Typically, a restrictive covenant will operate where a number of post-termination clauses are inserted into an employee’s contract of employment.
These clauses will prohibit your employee from contacting, soliciting or poaching former customers, employees or suppliers. They usually last for a period of 6 months after an employee's employment ends, although this can vary depending on the industry your business operates in.
In some cases, an employee’s restrictive covenants may extend to a non-compete clause. This clause will seek to prevent them from working for a competitor organisation for a certain period after the end of their employment.

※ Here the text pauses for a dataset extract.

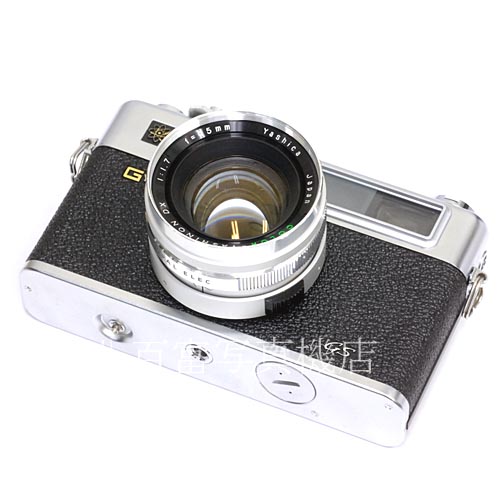 【中古】 ヤシカ エレクトロ 35GS シルバー YASHICA ELECTRO 中古カメラ 35174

Restrictive Covenants In Practice
In the case of Egon Zehnder Limited v Mary Caroline Tillman, the High Court considered whether a non-compete clause was reasonable.
It is worth mentioning that the courts will take a number of factors into account when deciding on whether a particular clause is reasonable. Most notably, the restrictive covenant must genuinely protect the interests of the business. The wording of the clause must therefore not go any further than is necessary in order to protect a company.
In the Tillman case, the High Court found that the non-compete clause was reasonable. The employer was therefore successful in its application to obtain an injunction, and this had the effect of preventing Ms Tillman from working for a competitor organisation.
One of the factors the courts looked at was whether the non-compete clause was reasonable based on Ms Tillman’s role at the point at which the restrictive covenant was entered into.
The High Court was satisfied that in entering into the contract, the company was aware that Ms Tillman had a particular skillset and level of experience that made the covenant necessary. In other words, had the non-compete clause not been in place, this could have represented a risk for the employer once the employment contract had ended.
What Can Employers Learn From This Case?
This case re-enforces the point that the reasonableness of restrictive covenants are assessed at the point at which they are entered into. If there has been a change in circumstances (such as a promotion) after the restrictive covenant has been entered into, an employer is unlikely to be able to rely on this point.
It is common for employers to want to take action where a former employee is acting in a way that could damage their business. For example, this could include soliciting former customers.
In such circumstances, you may want to sue for damages or seek an injunction. In order for you to take such action, the restrictive covenants and the wording contained within them must be seen as reasonable.
"Employers are reminded to take care when drafting restrictive covenants to ensure that they do not go any further than is necessary to protect the needs of their business."
"With this in mind, employers should seek advice from an employment solicitor or qualified legal professional if they are considering putting restrictive covenants in place."